*Given data*
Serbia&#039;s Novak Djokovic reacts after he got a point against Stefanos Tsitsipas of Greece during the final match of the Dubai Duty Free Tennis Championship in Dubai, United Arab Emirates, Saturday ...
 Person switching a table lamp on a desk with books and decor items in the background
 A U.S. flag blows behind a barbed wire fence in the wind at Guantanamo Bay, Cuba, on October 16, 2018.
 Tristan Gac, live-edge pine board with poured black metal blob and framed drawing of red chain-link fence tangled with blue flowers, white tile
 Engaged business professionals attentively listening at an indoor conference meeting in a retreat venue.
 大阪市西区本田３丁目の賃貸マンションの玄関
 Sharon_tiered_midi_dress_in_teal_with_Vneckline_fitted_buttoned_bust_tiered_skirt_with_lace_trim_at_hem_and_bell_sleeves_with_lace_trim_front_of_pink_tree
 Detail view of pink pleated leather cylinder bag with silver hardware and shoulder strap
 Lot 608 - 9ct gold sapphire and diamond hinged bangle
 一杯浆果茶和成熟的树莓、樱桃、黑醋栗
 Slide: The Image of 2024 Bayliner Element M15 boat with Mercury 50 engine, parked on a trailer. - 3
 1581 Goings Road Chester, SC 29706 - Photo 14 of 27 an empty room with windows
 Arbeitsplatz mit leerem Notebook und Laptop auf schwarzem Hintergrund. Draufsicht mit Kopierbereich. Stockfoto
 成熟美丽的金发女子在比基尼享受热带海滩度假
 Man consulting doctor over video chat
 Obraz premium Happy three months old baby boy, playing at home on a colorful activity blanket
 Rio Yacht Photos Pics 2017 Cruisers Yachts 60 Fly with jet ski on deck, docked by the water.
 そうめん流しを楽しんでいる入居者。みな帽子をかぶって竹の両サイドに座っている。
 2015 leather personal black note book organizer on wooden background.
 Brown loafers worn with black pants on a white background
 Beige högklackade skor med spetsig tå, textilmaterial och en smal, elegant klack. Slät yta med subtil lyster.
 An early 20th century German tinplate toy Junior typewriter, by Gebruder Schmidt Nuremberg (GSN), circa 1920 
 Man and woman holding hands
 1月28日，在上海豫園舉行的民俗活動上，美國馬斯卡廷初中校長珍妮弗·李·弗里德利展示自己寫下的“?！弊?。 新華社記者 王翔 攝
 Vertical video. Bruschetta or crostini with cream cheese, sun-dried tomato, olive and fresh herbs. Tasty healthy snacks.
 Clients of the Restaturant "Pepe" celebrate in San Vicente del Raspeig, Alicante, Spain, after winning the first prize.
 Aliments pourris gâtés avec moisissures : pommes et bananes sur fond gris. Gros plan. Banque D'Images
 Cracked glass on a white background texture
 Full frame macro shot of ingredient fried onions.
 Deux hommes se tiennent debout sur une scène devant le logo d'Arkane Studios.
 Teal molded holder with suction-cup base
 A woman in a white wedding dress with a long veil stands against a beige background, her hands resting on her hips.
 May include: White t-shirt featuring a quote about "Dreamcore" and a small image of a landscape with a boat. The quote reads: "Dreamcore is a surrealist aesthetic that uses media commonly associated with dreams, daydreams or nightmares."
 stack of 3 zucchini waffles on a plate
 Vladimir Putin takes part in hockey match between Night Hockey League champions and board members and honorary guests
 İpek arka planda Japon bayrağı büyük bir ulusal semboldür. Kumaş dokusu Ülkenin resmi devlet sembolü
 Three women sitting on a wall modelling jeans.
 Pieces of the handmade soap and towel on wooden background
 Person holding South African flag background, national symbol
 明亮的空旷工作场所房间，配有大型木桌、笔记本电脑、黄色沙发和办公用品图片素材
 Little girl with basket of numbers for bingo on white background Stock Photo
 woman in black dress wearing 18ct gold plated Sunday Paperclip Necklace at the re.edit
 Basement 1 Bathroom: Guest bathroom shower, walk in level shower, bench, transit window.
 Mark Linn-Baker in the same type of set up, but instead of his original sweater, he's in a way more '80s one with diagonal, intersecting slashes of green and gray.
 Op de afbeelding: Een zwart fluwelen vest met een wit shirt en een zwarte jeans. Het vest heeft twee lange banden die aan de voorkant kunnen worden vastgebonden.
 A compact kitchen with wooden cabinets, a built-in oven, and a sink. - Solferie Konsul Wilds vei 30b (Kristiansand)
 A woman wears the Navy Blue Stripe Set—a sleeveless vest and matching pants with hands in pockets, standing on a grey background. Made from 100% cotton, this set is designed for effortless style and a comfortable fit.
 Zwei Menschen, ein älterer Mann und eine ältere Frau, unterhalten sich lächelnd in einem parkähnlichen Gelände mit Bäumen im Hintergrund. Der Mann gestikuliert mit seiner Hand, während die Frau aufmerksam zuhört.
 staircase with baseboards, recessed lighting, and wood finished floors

*Try it*
Give back the entire listing, line for line, exactly as it stands.

*Solved exercise*
Serbia&#039;s Novak Djokovic reacts after he got a point against Stefanos Tsitsipas of Greece during the final match of the Dubai Duty Free Tennis Championship in Dubai, United Arab Emirates, Saturday ...
 Person switching a table lamp on a desk with books and decor items in the background
 A U.S. flag blows behind a barbed wire fence in the wind at Guantanamo Bay, Cuba, on October 16, 2018.
 Tristan Gac, live-edge pine board with poured black metal blob and framed drawing of red chain-link fence tangled with blue flowers, white tile
 Engaged business professionals attentively listening at an indoor conference meeting in a retreat venue.
 大阪市西区本田３丁目の賃貸マンションの玄関
 Sharon_tiered_midi_dress_in_teal_with_Vneckline_fitted_buttoned_bust_tiered_skirt_with_lace_trim_at_hem_and_bell_sleeves_with_lace_trim_front_of_pink_tree
 Detail view of pink pleated leather cylinder bag with silver hardware and shoulder strap
 Lot 608 - 9ct gold sapphire and diamond hinged bangle
 一杯浆果茶和成熟的树莓、樱桃、黑醋栗
 Slide: The Image of 2024 Bayliner Element M15 boat with Mercury 50 engine, parked on a trailer. - 3
 1581 Goings Road Chester, SC 29706 - Photo 14 of 27 an empty room with windows
 Arbeitsplatz mit leerem Notebook und Laptop auf schwarzem Hintergrund. Draufsicht mit Kopierbereich. Stockfoto
 成熟美丽的金发女子在比基尼享受热带海滩度假
 Man consulting doctor over video chat
 Obraz premium Happy three months old baby boy, playing at home on a colorful activity blanket
 Rio Yacht Photos Pics 2017 Cruisers Yachts 60 Fly with jet ski on deck, docked by the water.
 そうめん流しを楽しんでいる入居者。みな帽子をかぶって竹の両サイドに座っている。
 2015 leather personal black note book organizer on wooden background.
 Brown loafers worn with black pants on a white background
 Beige högklackade skor med spetsig tå, textilmaterial och en smal, elegant klack. Slät yta med subtil lyster.
 An early 20th century German tinplate toy Junior typewriter, by Gebruder Schmidt Nuremberg (GSN), circa 1920 
 Man and woman holding hands
 1月28日，在上海豫園舉行的民俗活動上，美國馬斯卡廷初中校長珍妮弗·李·弗里德利展示自己寫下的“?！弊?。 新華社記者 王翔 攝
 Vertical video. Bruschetta or crostini with cream cheese, sun-dried tomato, olive and fresh herbs. Tasty healthy snacks.
 Clients of the Restaturant "Pepe" celebrate in San Vicente del Raspeig, Alicante, Spain, after winning the first prize.
 Aliments pourris gâtés avec moisissures : pommes et bananes sur fond gris. Gros plan. Banque D'Images
 Cracked glass on a white background texture
 Full frame macro shot of ingredient fried onions.
 Deux hommes se tiennent debout sur une scène devant le logo d'Arkane Studios.
 Teal molded holder with suction-cup base
 A woman in a white wedding dress with a long veil stands against a beige background, her hands resting on her hips.
 May include: White t-shirt featuring a quote about "Dreamcore" and a small image of a landscape with a boat. The quote reads: "Dreamcore is a surrealist aesthetic that uses media commonly associated with dreams, daydreams or nightmares."
 stack of 3 zucchini waffles on a plate
 Vladimir Putin takes part in hockey match between Night Hockey League champions and board members and honorary guests
 İpek arka planda Japon bayrağı büyük bir ulusal semboldür. Kumaş dokusu Ülkenin resmi devlet sembolü
 Three women sitting on a wall modelling jeans.
 Pieces of the handmade soap and towel on wooden background
 Person holding South African flag background, national symbol
 明亮的空旷工作场所房间，配有大型木桌、笔记本电脑、黄色沙发和办公用品图片素材
 Little girl with basket of numbers for bingo on white background Stock Photo
 woman in black dress wearing 18ct gold plated Sunday Paperclip Necklace at the re.edit
 Basement 1 Bathroom: Guest bathroom shower, walk in level shower, bench, transit window.
 Mark Linn-Baker in the same type of set up, but instead of his original sweater, he's in a way more '80s one with diagonal, intersecting slashes of green and gray.
 Op de afbeelding: Een zwart fluwelen vest met een wit shirt en een zwarte jeans. Het vest heeft twee lange banden die aan de voorkant kunnen worden vastgebonden.
 A compact kitchen with wooden cabinets, a built-in oven, and a sink. - Solferie Konsul Wilds vei 30b (Kristiansand)
 A woman wears the Navy Blue Stripe Set—a sleeveless vest and matching pants with hands in pockets, standing on a grey background. Made from 100% cotton, this set is designed for effortless style and a comfortable fit.
 Zwei Menschen, ein älterer Mann und eine ältere Frau, unterhalten sich lächelnd in einem parkähnlichen Gelände mit Bäumen im Hintergrund. Der Mann gestikuliert mit seiner Hand, während die Frau aufmerksam zuhört.
 staircase with baseboards, recessed lighting, and wood finished floors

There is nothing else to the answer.